Franchising, retail, business
11/04/2016
È tempo per il governo di investire in nuovi percorsi di studio che riconoscano al commercio e all’alimentare un ruolo nella nostra cultura e un traino per l’economia occupazionale del Paese (da Mark Up 248)
L’attenzione verso il mondo dell’alimentazione non è mai stata così alta da pare del grande pubblico. I problemi di obesità infantile sono all’ordine del giorno, così come i legami tra stile di vita e salute sono temi che non lasciano nessun media indifferente, dai femminili ai grandi quotidiani. Tante le informazioni che catturano l’immaginario collettivo e incidono sugli andamenti di questa o quella merceologia o comparto: pensiamo alle recenti dichiarazioni sulle carni o sugli zuccheri, alle intolleranze, vero o presunte, che lanciano diete “free from”, alla paura degli Ogm e al cavallo finito per sbaglio nelle polpette: le persone sono ormai in bilico perenne tra il terrore e la ricerca del nirvana alimentare. Infatti, sempre più spesso, al supermercato, vediamo acquirenti immobili davanti a uno scaffale, intenti a decifrare un’etichetta cercando di capirne i significati più oscuri.
Lo storytelling, tanto amato dal marketing, ha saputo appagare i consumatori intellettualmente attratti dal cibo, fornendo loro una storia da raccontare, un motivo per acquistare un prodotto che portava in sè tradizione, cultura e storia; ma non tutti i prodotti possono avvalersi dello storytelling e non tutti i prodotti con una storia sono consigliati dal cardiologo o dal dietista. Non basta la rassicurazione sulla provenienza e nemmeno un po’ di poesia, i cittadini vorrebbero capire di più, ma ancora aziende alimentari e retailer faticano a trovare la strada della didattica on pack o “a scaffale” e forse non è tutto nelle loro mani, o non dovrebbe esserlo. Molte catene stanno lavorando a stretto contatto con le scuole, creando programmi di educazione alimentare. Ma non basta, il cibo in Italia dovrebbe diventare materia di studio sia a livello di scuola elementare e media, sia pensando alla professionalizzazione del settore (produzione e distribuzione) attraverso la scuola superiore.
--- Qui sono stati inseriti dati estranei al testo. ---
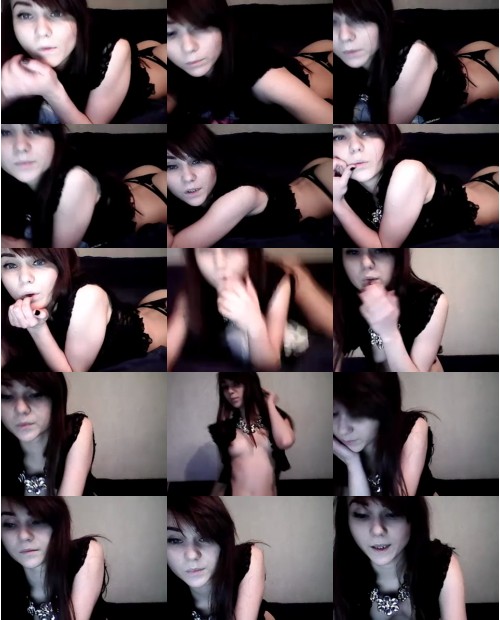 Download Video File: myfreecams adelinamini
In questo senso, perchè non pensare di moltiplicare gli istituti tecnici dedicati al cibo come quello di Canelli in enologia o il più recente post-diploma di Bari, Nuove tecnologie per il Made in Italy settore produzioni agroalimentari, che nasce proprio con il sostegno del sistema pubblico, insieme a quello privato? Attualmente si tratta di un elenco ancora troppo breve che diventa addirittura nullo se andiamo a cercare professionalizzazioni in termini di vendite. Gli istituti tecnici commerciali sono storicamente le ragionerie, che, a dire il vero, di commercio non trattano se non di quello dietro alle quinte. Pochi i corsi di marketing nei programmi di studio e nessuno di igiene alimentare. Eppure piacerebbe ai clienti incontrare commessi, banconisti in grado di accoglierli, con nozioni di alimentazione, con sorrisi di marketing, con elementi di cucina o racconti di provenienza. Questo oggi succede laddove l’impresa commerciale investe in formazione ed è utile ed encomiabile, ma ci chiediamo: non è tempo di pensare un po’ più in grande? E riconoscere che, forse, siamo ancora un Paese di naviganti e sognatori, ma per certo lo siamo anche di commercianti e su questo è giusto che le istituzioni comincino a investire un po’ di più.